*** Material for this task ***

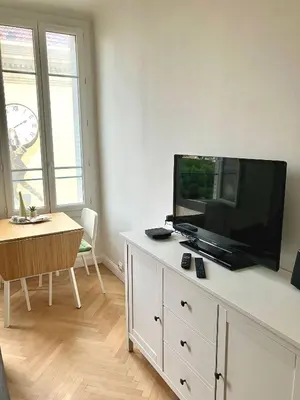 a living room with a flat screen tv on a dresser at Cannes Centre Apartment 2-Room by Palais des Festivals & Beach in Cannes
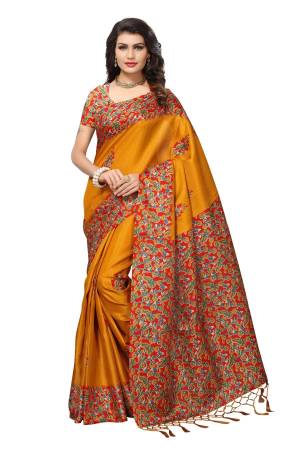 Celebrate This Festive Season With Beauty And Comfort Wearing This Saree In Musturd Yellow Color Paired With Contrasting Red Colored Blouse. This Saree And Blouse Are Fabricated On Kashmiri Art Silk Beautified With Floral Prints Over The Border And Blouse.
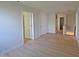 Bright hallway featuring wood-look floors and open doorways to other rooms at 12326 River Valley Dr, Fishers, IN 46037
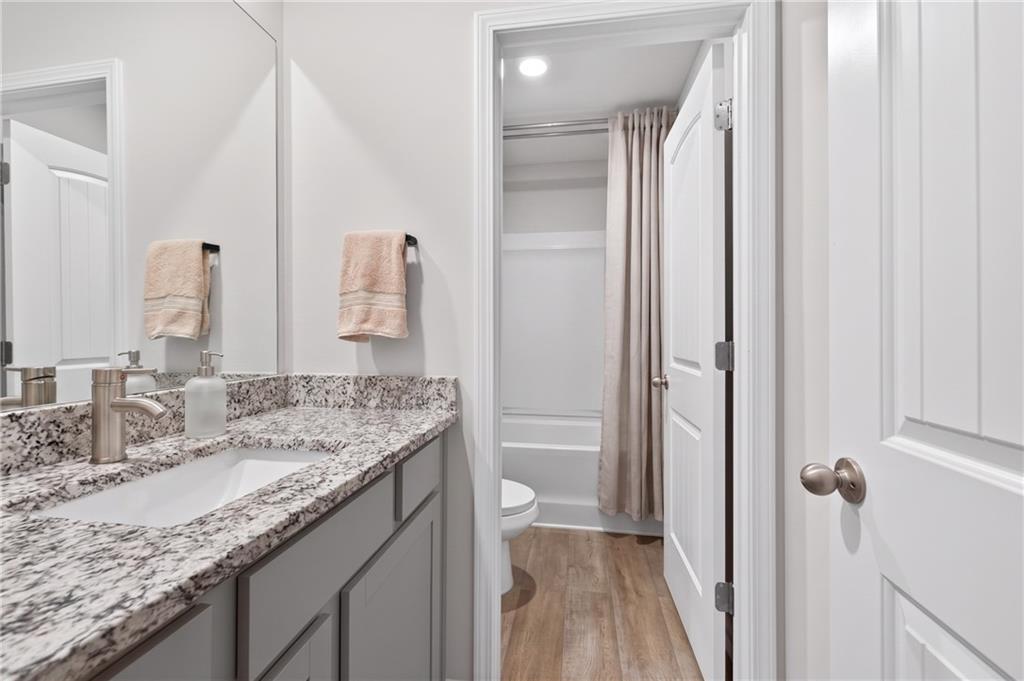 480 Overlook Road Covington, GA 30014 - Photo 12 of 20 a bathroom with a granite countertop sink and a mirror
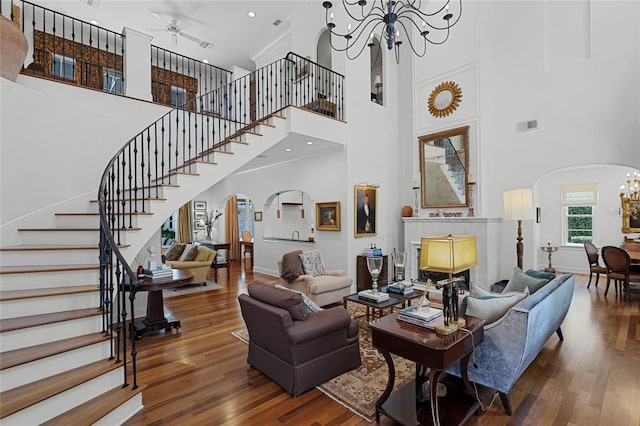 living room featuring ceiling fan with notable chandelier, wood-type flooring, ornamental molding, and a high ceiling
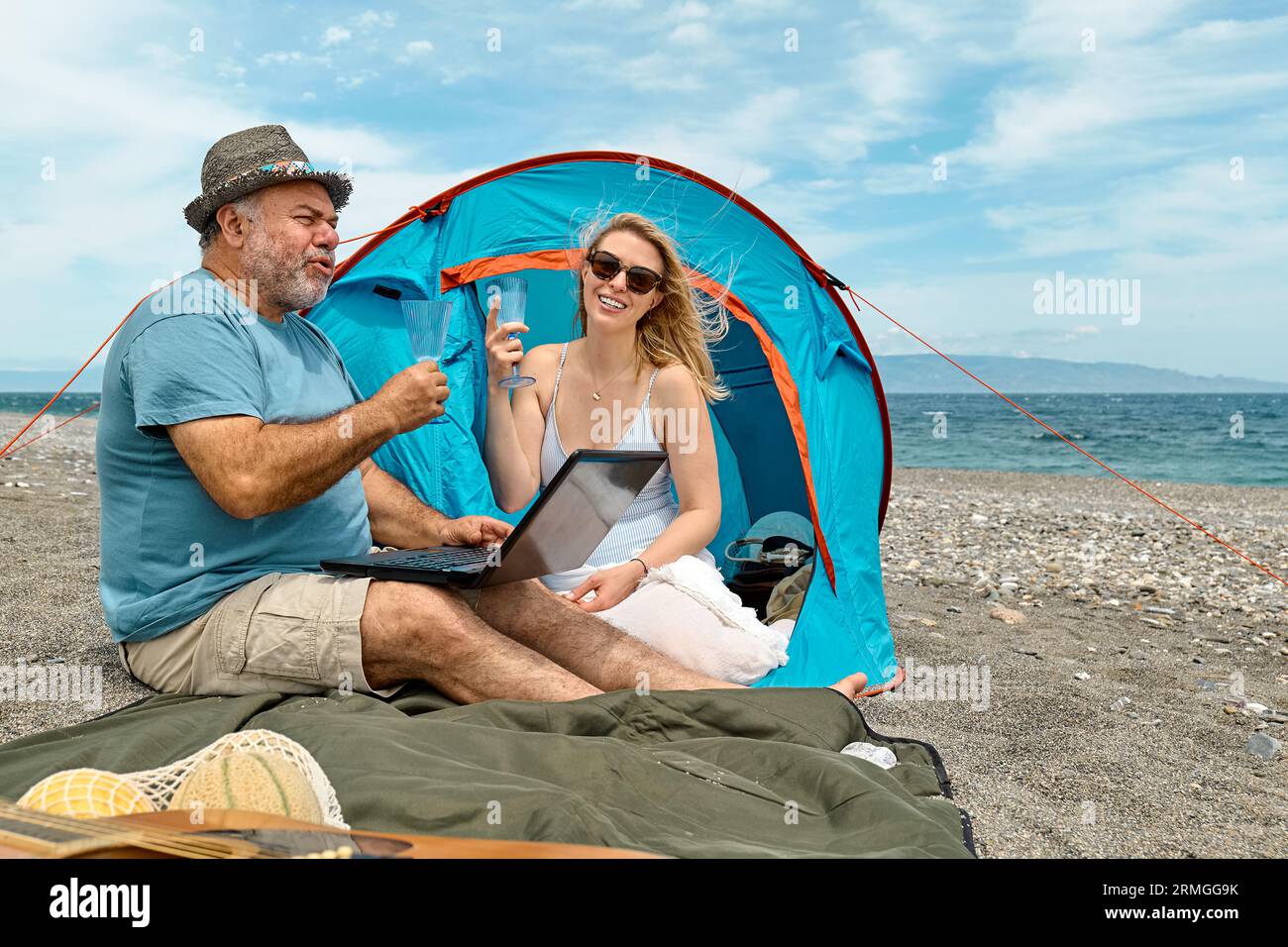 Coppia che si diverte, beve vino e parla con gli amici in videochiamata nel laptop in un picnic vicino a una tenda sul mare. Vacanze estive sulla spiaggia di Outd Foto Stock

*** End of Material for this task ***

Once you have returned the line containing "Bright hallway featuring", stop; begin at the first line of the material, keep each line exact, and skip the pictures.

 a living room with a flat screen tv on a dresser at Cannes Centre Apartment 2-Room by Palais des Festivals & Beach in Cannes
 Celebrate This Festive Season With Beauty And Comfort Wearing This Saree In Musturd Yellow Color Paired With Contrasting Red Colored Blouse. This Saree And Blouse Are Fabricated On Kashmiri Art Silk Beautified With Floral Prints Over The Border And Blouse.
 Bright hallway featuring wood-look floors and open doorways to other rooms at 12326 River Valley Dr, Fishers, IN 46037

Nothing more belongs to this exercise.